REQUIREMENT =>
Can you quote the lines below exactly, starting at the line with "BOX CREWNECK SWEATSHIRT" and going through the last one?

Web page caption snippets

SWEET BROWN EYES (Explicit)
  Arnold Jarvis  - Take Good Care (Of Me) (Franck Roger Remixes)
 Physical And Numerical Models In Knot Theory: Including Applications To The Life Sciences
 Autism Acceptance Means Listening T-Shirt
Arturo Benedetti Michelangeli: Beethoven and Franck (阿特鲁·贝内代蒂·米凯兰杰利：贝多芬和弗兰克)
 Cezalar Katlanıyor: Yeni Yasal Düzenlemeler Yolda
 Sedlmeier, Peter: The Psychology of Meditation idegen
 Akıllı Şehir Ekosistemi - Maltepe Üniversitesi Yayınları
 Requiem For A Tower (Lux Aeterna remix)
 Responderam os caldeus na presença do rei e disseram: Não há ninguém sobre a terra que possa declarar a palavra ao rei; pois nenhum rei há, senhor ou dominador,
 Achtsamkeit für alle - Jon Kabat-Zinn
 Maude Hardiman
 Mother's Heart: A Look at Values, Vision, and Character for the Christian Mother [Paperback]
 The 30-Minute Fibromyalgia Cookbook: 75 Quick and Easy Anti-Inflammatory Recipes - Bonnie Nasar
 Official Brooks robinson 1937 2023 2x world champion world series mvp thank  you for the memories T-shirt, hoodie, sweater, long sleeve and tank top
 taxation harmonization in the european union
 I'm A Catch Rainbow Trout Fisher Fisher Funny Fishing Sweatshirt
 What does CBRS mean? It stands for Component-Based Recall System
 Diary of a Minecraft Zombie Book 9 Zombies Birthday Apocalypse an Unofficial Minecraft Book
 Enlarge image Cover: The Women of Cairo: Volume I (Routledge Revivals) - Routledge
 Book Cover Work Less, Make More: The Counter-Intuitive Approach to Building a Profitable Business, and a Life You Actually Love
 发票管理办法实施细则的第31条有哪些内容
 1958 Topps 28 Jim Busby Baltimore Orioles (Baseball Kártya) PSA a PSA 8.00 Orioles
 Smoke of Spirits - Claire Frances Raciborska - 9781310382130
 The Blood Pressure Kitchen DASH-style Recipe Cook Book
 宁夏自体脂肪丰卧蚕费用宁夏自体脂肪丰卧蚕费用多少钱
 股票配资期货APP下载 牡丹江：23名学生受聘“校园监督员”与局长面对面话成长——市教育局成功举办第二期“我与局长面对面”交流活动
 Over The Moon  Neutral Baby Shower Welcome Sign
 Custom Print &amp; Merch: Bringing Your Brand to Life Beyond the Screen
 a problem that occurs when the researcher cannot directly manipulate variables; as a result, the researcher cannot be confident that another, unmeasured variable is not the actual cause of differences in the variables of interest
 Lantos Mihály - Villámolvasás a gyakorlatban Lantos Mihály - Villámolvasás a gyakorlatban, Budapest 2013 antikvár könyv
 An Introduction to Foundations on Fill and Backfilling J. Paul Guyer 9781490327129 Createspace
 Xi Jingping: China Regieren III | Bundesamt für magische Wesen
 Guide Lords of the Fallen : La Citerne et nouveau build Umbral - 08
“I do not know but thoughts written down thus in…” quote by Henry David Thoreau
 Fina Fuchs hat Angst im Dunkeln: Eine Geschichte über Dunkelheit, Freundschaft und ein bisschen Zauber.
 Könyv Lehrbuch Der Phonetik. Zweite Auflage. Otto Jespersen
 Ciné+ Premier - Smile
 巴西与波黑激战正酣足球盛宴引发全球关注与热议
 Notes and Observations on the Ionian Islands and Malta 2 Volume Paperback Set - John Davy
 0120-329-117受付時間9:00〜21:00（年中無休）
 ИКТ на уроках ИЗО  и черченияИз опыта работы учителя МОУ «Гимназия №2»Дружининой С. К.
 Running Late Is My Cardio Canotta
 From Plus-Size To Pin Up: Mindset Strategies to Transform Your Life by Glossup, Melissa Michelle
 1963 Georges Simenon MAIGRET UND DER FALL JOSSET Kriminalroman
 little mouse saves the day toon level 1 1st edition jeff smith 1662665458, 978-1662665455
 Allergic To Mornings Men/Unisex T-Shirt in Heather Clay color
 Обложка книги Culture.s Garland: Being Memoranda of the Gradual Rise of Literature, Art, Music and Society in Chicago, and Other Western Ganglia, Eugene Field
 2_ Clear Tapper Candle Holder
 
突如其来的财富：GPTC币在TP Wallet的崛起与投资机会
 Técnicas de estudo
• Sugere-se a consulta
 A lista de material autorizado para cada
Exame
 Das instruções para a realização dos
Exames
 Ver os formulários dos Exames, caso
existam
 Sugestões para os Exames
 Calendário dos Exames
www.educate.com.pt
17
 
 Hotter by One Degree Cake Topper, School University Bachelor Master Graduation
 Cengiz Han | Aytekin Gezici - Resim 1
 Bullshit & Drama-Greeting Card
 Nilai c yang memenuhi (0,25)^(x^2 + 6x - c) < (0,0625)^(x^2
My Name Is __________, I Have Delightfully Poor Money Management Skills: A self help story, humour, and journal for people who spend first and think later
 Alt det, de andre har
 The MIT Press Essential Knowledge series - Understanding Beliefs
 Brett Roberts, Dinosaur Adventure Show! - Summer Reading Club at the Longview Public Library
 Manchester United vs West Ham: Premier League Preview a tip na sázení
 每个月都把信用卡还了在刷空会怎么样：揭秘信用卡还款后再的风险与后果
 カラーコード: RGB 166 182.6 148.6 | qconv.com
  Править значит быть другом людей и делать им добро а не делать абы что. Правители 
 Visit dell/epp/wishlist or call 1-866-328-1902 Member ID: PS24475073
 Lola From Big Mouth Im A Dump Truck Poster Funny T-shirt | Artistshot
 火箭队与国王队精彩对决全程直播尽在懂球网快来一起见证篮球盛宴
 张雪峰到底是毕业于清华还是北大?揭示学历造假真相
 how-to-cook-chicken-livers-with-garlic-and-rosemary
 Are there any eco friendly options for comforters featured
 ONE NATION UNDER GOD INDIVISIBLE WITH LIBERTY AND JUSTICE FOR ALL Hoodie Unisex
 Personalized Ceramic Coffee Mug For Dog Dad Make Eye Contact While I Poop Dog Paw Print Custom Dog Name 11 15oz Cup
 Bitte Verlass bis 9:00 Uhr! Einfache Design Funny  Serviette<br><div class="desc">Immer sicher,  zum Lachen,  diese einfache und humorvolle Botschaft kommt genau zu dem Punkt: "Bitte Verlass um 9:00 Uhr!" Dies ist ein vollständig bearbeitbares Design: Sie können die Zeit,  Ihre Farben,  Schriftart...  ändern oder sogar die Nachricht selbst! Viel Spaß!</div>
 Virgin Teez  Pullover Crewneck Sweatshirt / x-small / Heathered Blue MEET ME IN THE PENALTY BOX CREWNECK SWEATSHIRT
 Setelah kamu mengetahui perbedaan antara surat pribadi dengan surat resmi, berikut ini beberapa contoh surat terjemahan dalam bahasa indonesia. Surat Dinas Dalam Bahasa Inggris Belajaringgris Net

EXERCISE OUTPUT =>
 Virgin Teez  Pullover Crewneck Sweatshirt / x-small / Heathered Blue MEET ME IN THE PENALTY BOX CREWNECK SWEATSHIRT
 Setelah kamu mengetahui perbedaan antara surat pribadi dengan surat resmi, berikut ini beberapa contoh surat terjemahan dalam bahasa indonesia. Surat Dinas Dalam Bahasa Inggris Belajaringgris Net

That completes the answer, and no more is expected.